Our results demonstrate that PBA treatment potently reduced random-fed glycemia and fasting hyperglycemia observed in Avy hIAPP mice. PBA was also able to decrease random-fed glycemia in obese Avy mice. Remarkably, the capacity of PBA to prevent increased glycemia was accompanied by a reduction of the hyperinsulinemia observed in both Avy and Avy hIAPP mice. Therefore, lower insulin levels were needed to maintain similar or even lower glycemic values in PBA-treated mice, which is illustrated by the reduced HOMA-IR values observed in PBA-treated Avy and Avy hIAPP mice. Although the HOMA-IR index was created using large clinical studies in humans, multiple studies in rodents have shown a correlation between this index and measures based on hyperinsulinemic euglycaemic clamps43,44, the gold standard for insulin resistance determination. HOMA-IR has been indeed used as a reasonable and reliable surrogate for IR in many studies performed in mice45. We could not detect an improvement of insulin sensitivity by a conventional insulin tolerance test, most likely due to a severe insulin resistance in Avy and Avy hIAPP, as shown by the severe hyperinsulinemia observed in these mice at 20 weeks of age. For instance, the basal insulin levels were as high as 15 ng/mL and 8 ng/mL in 20-week-old Avy and Avy hIAPP mice, respectively, compared to 0.2 ng/mL in the same mice at 8 weeks of age.

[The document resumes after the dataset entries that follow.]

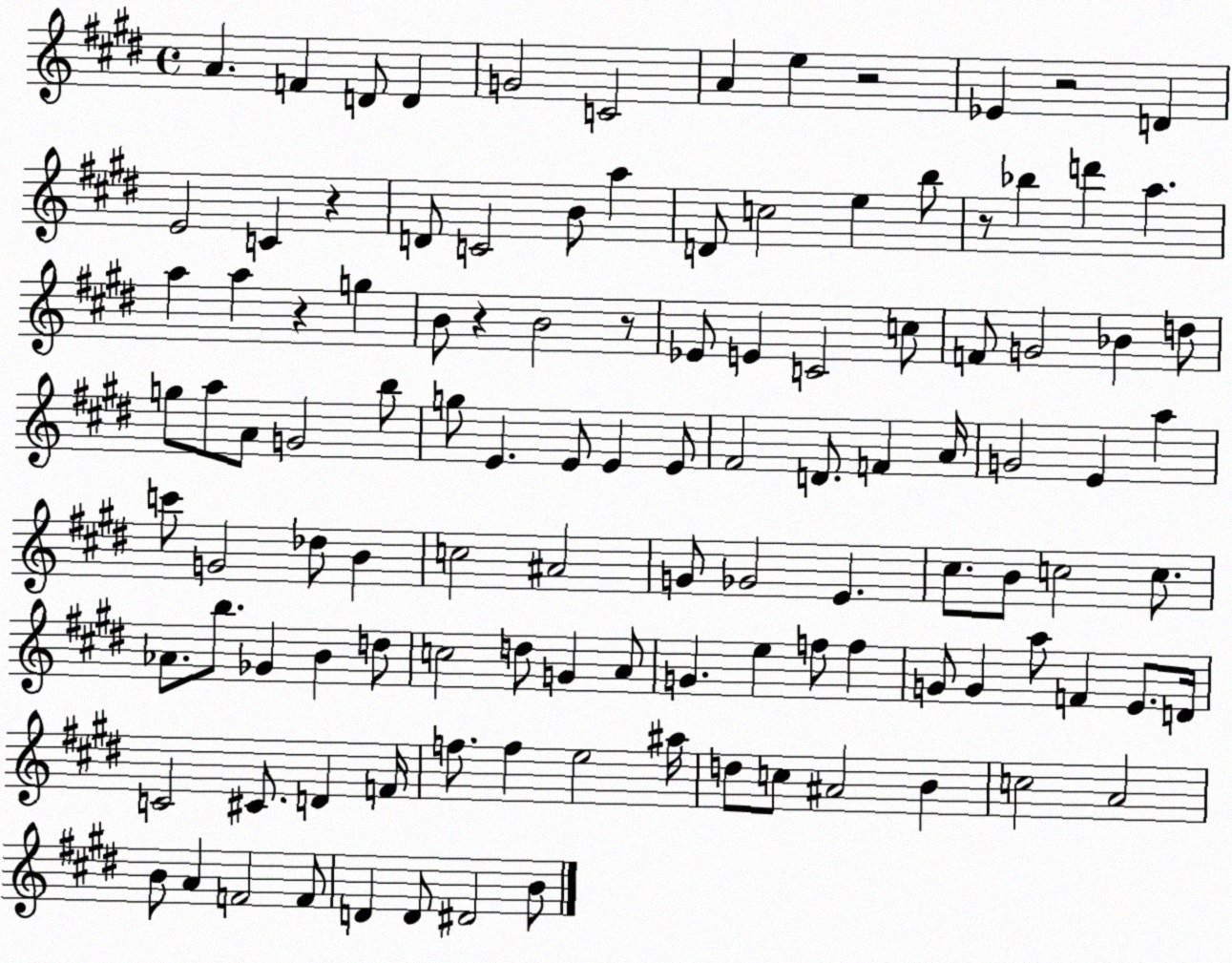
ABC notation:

X:1
T:Untitled
M:4/4
L:1/4
K:E
A F D/2 D G2 C2 A e z2 _E z2 D E2 C z D/2 C2 B/2 a D/2 c2 e b/2 z/2 _b d' a a a z g B/2 z B2 z/2 _E/2 E C2 c/2 F/2 G2 _B d/2 g/2 a/2 A/2 G2 b/2 g/2 E E/2 E E/2 ^F2 D/2 F A/4 G2 E a c'/2 G2 _d/2 B c2 ^A2 G/2 _G2 E ^c/2 B/2 c2 c/2 _A/2 b/2 _G B d/2 c2 d/2 G A/2 G e f/2 f G/2 G a/2 F E/2 D/4 C2 ^C/2 D F/4 f/2 f e2 ^a/4 d/2 c/2 ^A2 B c2 A2 B/2 A F2 F/2 D D/2 ^D2 B/2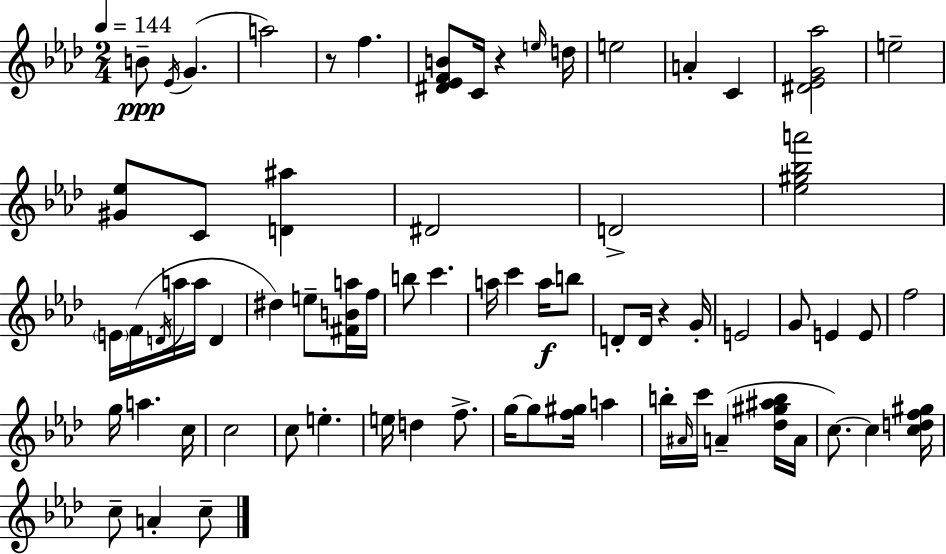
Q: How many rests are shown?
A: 3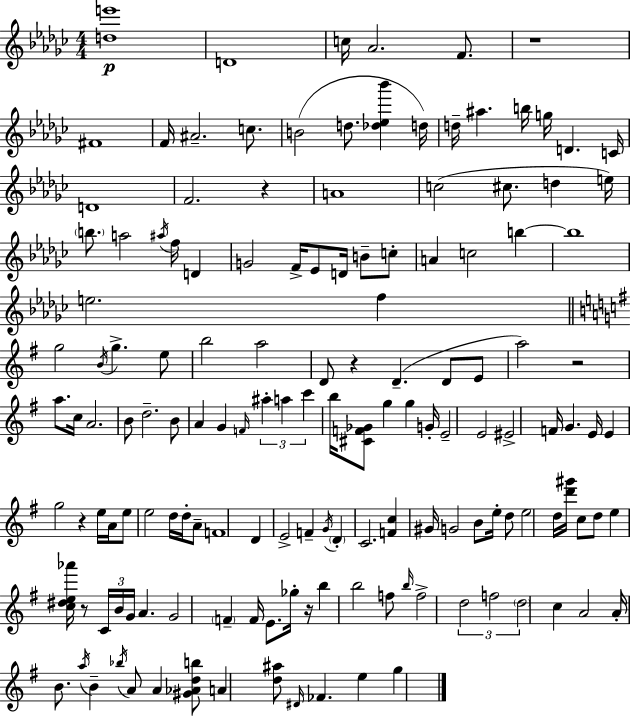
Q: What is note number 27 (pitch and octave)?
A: A#5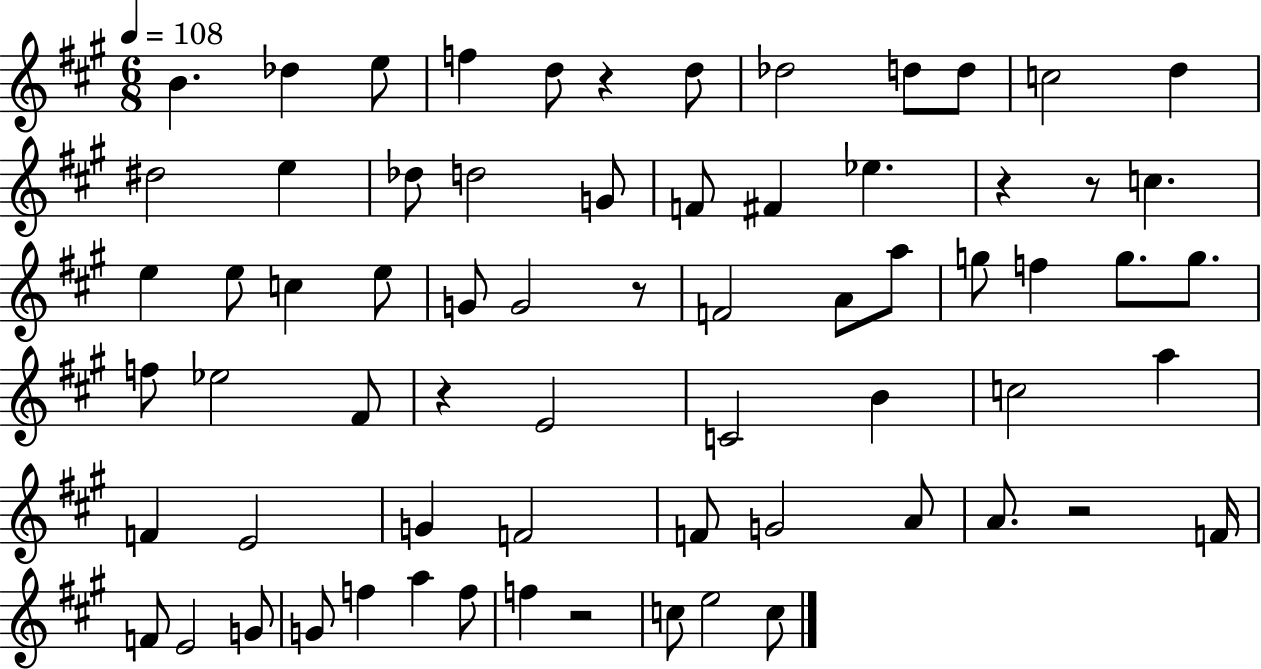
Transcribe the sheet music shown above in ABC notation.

X:1
T:Untitled
M:6/8
L:1/4
K:A
B _d e/2 f d/2 z d/2 _d2 d/2 d/2 c2 d ^d2 e _d/2 d2 G/2 F/2 ^F _e z z/2 c e e/2 c e/2 G/2 G2 z/2 F2 A/2 a/2 g/2 f g/2 g/2 f/2 _e2 ^F/2 z E2 C2 B c2 a F E2 G F2 F/2 G2 A/2 A/2 z2 F/4 F/2 E2 G/2 G/2 f a f/2 f z2 c/2 e2 c/2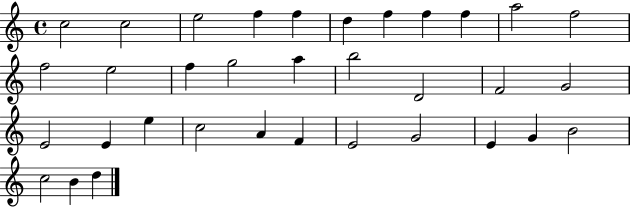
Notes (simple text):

C5/h C5/h E5/h F5/q F5/q D5/q F5/q F5/q F5/q A5/h F5/h F5/h E5/h F5/q G5/h A5/q B5/h D4/h F4/h G4/h E4/h E4/q E5/q C5/h A4/q F4/q E4/h G4/h E4/q G4/q B4/h C5/h B4/q D5/q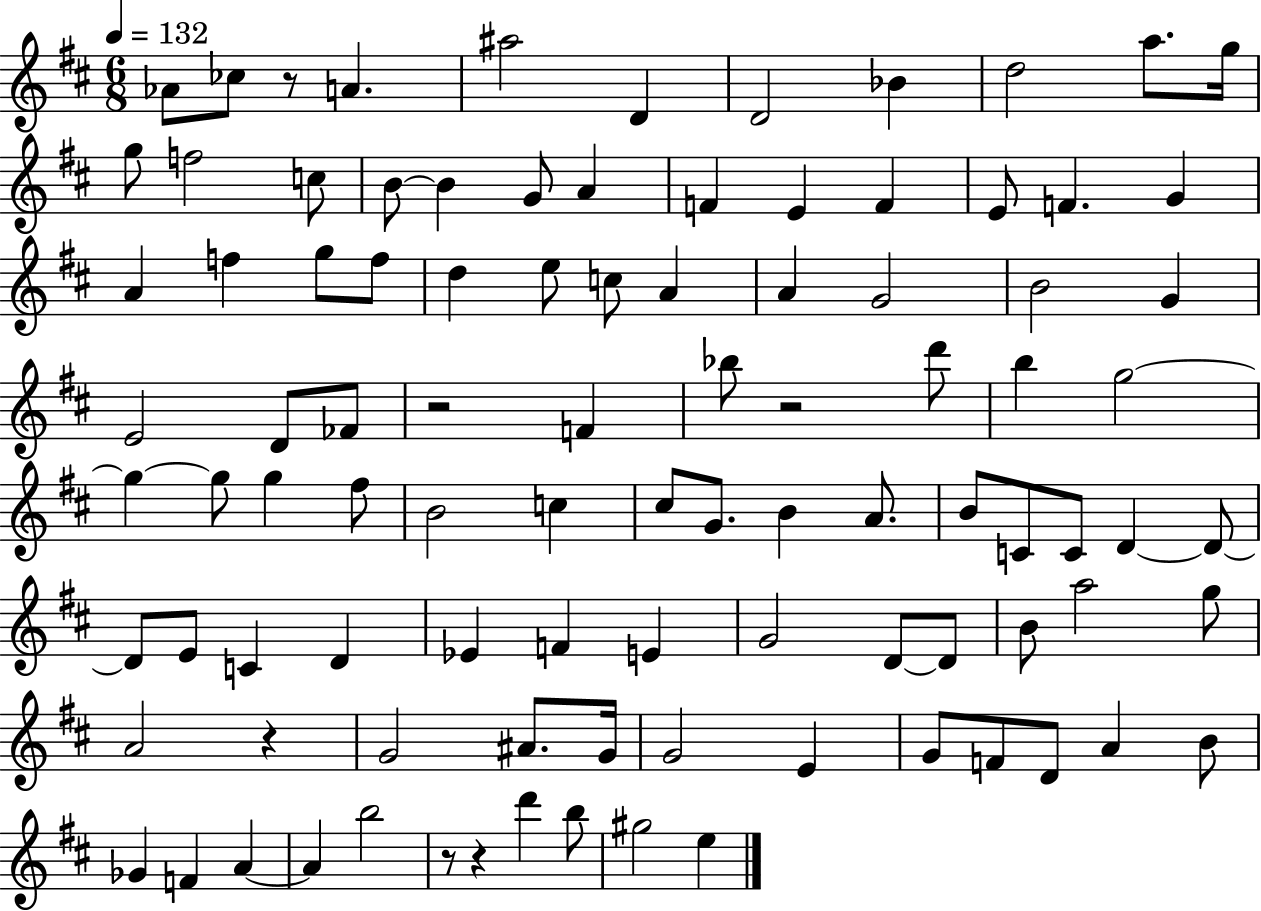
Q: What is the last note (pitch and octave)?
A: E5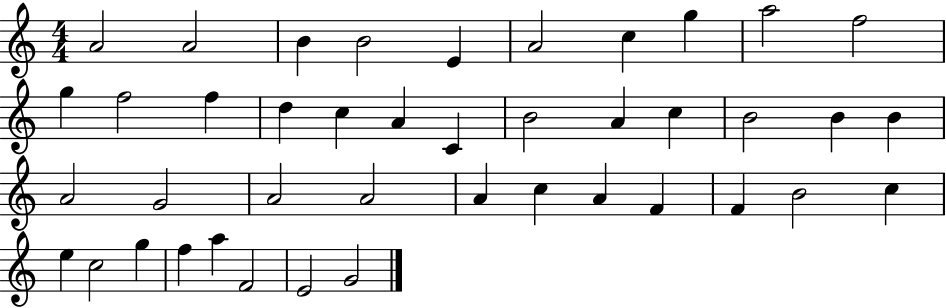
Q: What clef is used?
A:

The reduced hyperinsulinemia observed in PBA-treated mice is in line with the reported insulin-sensitizing effects of chemical chaperones, including PBA, on peripheral tissues. For instance, Özcan et al. demonstrated in ob/ob mice that treatment with TUDCA and PBA decreased ER stress and ameliorated hyperglycemia by improving insulin sensitivity in white adipose tissue and liver28. PBA has also been related with reduction of body weight through decreasing adipogenesis in epididymal white adipose tissue46 and sensitizing for leptin signaling in hypothalamus30. It is important to note that in our study, PBA improved glucose metabolism in obese Avy and Avy hIAPP mice by decreasing glycemia and basal hyperinsulinemia without affecting body weight, which is more in accordance to the results by Özcan et al.28.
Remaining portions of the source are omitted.